The biblical scholarship behind the HCSB is very up-to-date. It uses some unique ways of rendering certain passages and terms that I have not seen in other translations. One that stands out in my mind is the rendering of “temple complex” instead of “temple”. The HCSB is not as colloquial as the TNIV but it does have a few colloquial terms (e.g., slacker instead of TNIV’s sluggard). I also like the HCSB’s use of bold print in the New Testament where it quotes Old Testament passages. This helps me to understand the N.T. text in its proper context. I also prefer its contemporary use of digits, weights and measures (e.g., 9,000 instead of nine thousand; feet instead of cubits; gallons instead of baths, etc.). I also like its use of square brackets to denote words not in the original Greek. This adds an element of transparency and clarity for the reader. Even though these extra tools in the HCSB are unnecessary niceties, they are, nevertheless, helpful to the reader. There are some renderings in the HCSB that may also be more accurate than the TNIV; however, vice versa is also true because there are places where either one of the two translations may have the better rendering.
Since it is being continually revised each year, it can only get better. I predict that the HCSB will eventually make inroads to establish itself as one of two premier mediating translations in the evangelical world. I also use the HCSB in my preaching. I have confidence that it accurately speaks the word of God into the lives of its listeners and readers.

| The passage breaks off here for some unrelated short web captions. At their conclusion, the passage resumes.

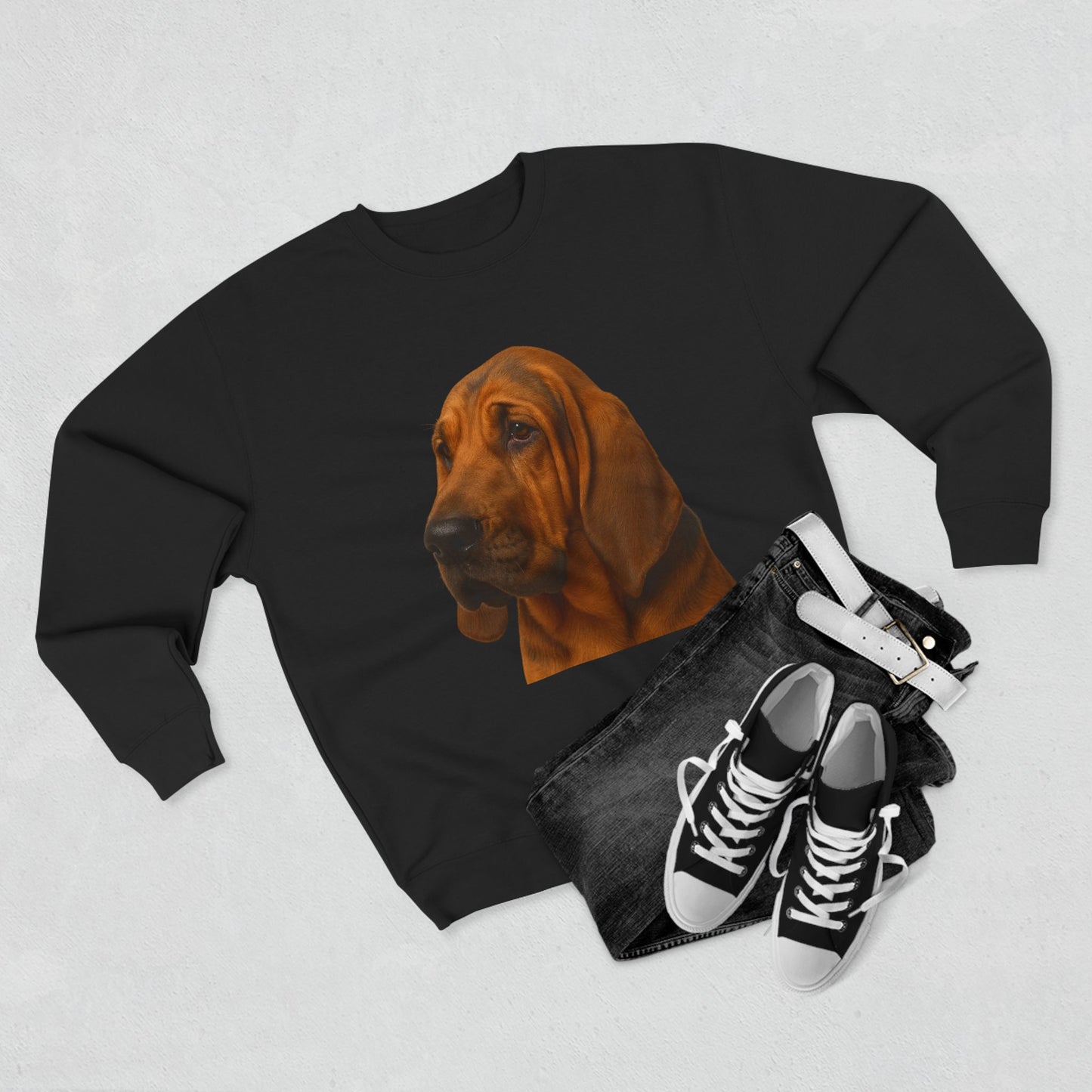Bloodhound Head Unisex Crewneck Sweatshirt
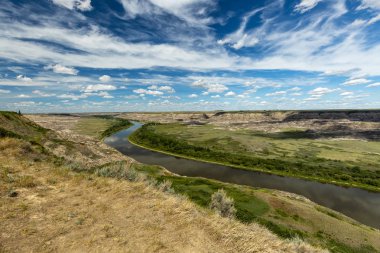 Alberta Kanada Drumheller de Red Deer Nehri Vadisi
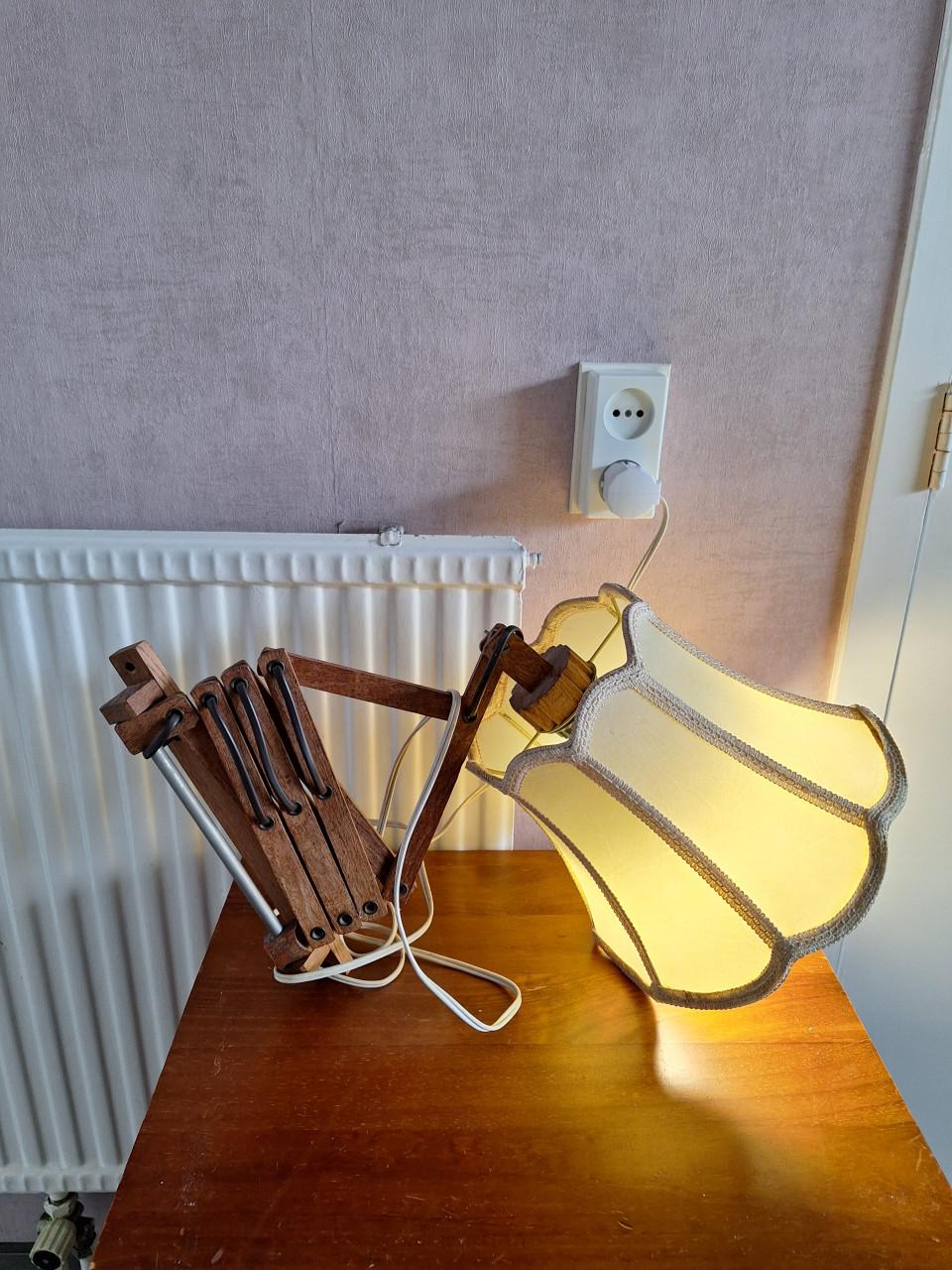 Originele schaarlamp/ retro wandlamp.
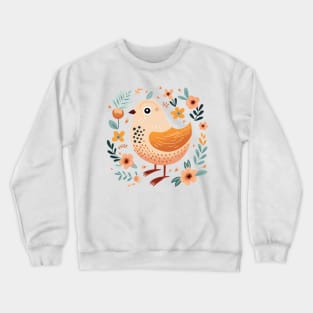 Scandinavian Folk Art Bird Crewneck Sweatshirt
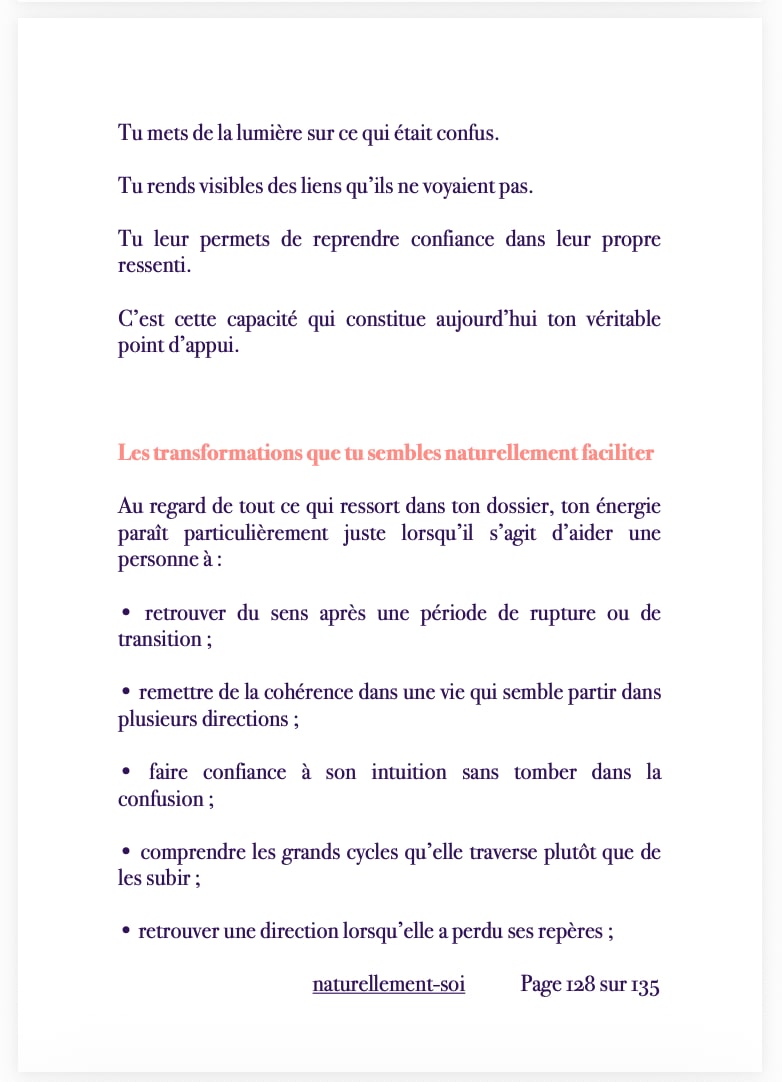 Deuxième extrait d’une SoulMap Pro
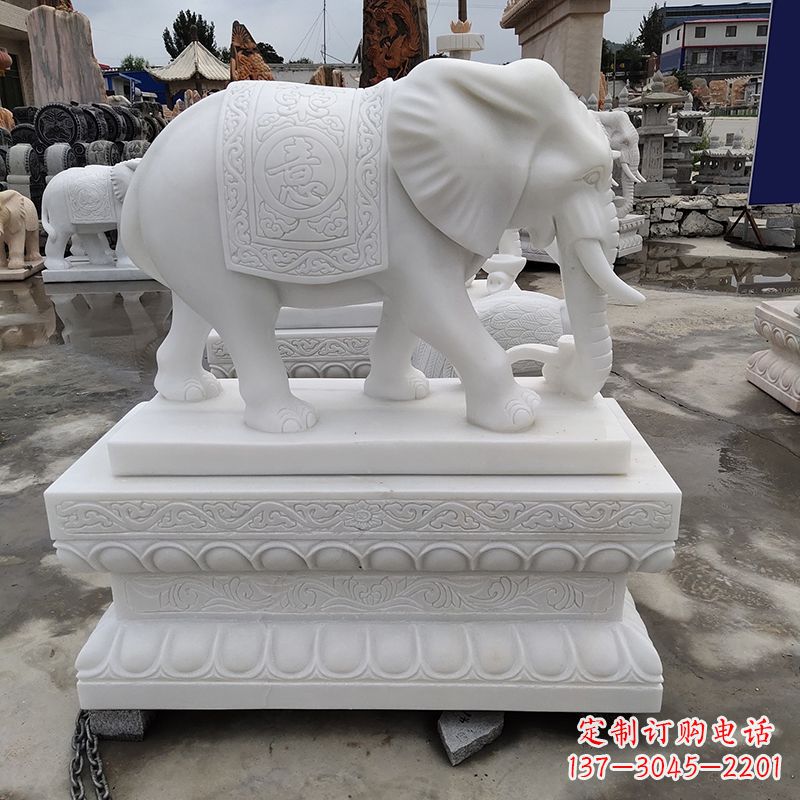 福建大理石雕刻大象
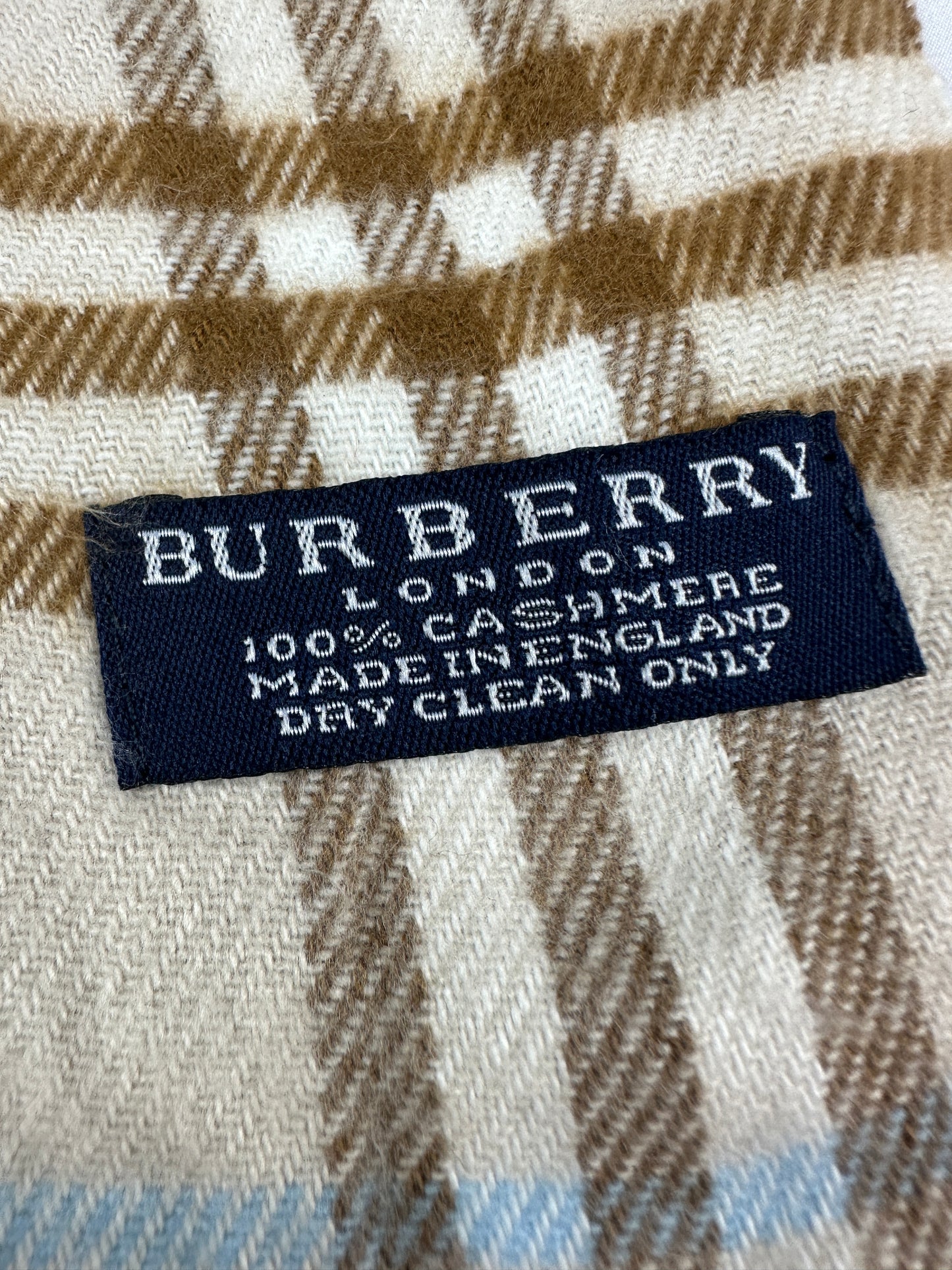 Vintage Burberry Schal beige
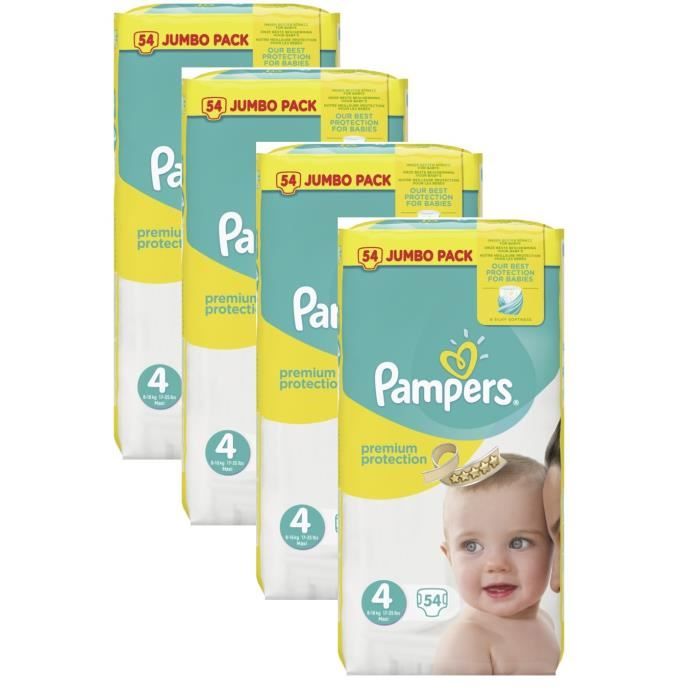 Pampers Premium Protection Baby Taille 4 Maxi 816kg Jumbopack 216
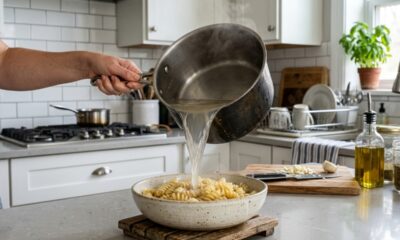 O que fazer com a água do macarrão depois do cozimento e por que esse hábito pode mudar sua cozinha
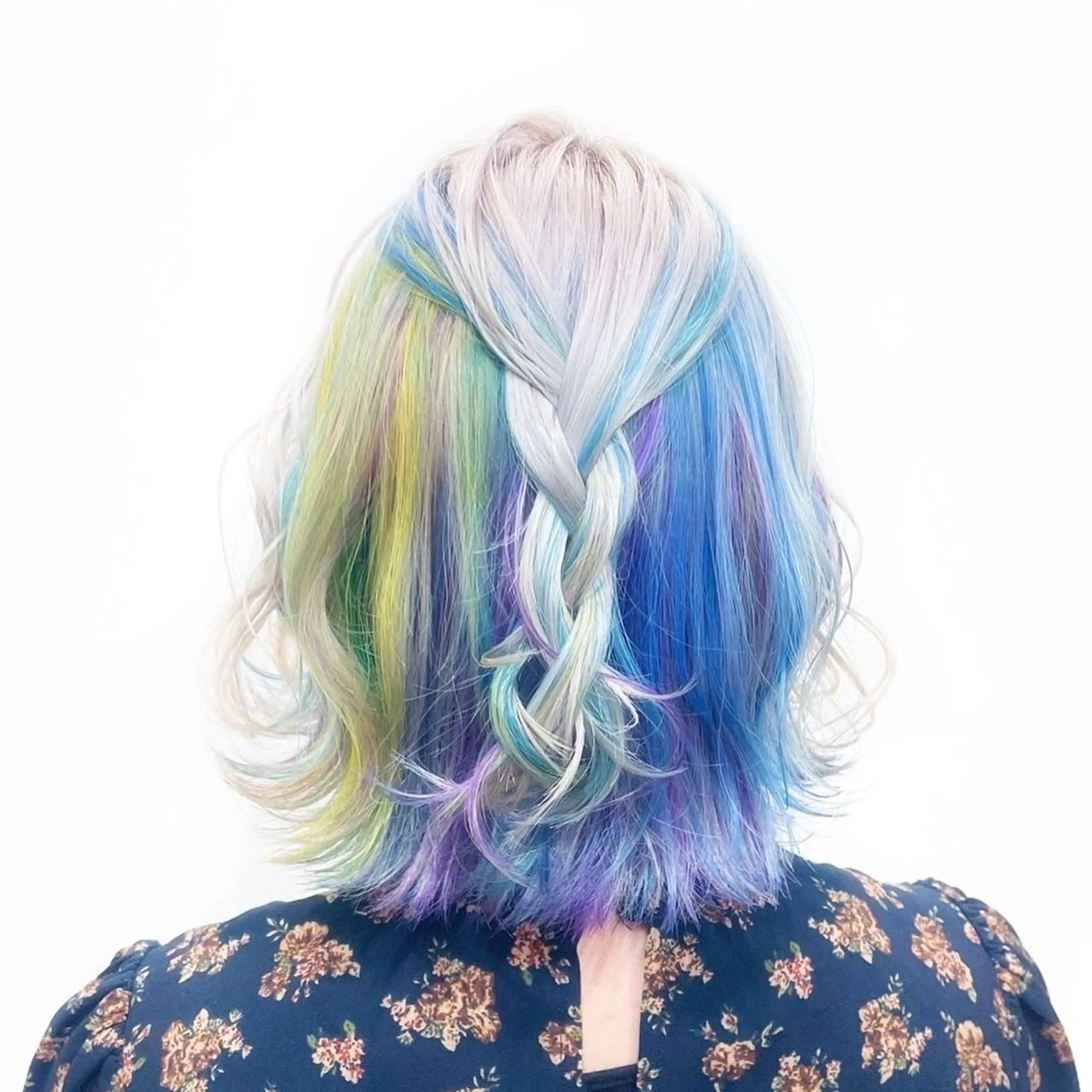 🦄ユニコーンカラー🦄ホワイトケアブリーチ＋カラーの写真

Roman Catholics who read the NAB will be much more familiar with it than me. The NAB is a translation that I was not very familiar with when I started this series. It was a third option that I wanted to throw in to make the comparison more interesting. After doing this series, I still have to say that I am still not as familiar with it as I would like to be. The NAB is also an accurate translation but not as accurate as the TNIV or HCSB. I cannot make any conclusive statements about its Old Testament because both Old and New Testaments seem to have two different approaches to translation philosophy. The first edition of the NAB was later revised and was known as the Revised NAB, and then later it was amended again so it was known as the Amended Revised NAB. The latest revision of the NAB’s N.T. is now more gender-inclusive. It is slightly less literal than the TNIV; but in terms of gender-inclusivity, it stands in between the TNIV and HCSB. The NAB’s unique renderings also bring a fresh perspective to viewing certain passages. It lends itself better to Roman Catholic theology. I guess this is why it is used by Roman Catholics, particularly Roman Catholics in the United States. In the U.S., some parishes prefer the use of the RSV over the NAB in their lectionary readings due to occasionally awkward and inaccurate renderings.
The next series will likely be on dynamic or functional translations. It will likely come in the Fall of 2008.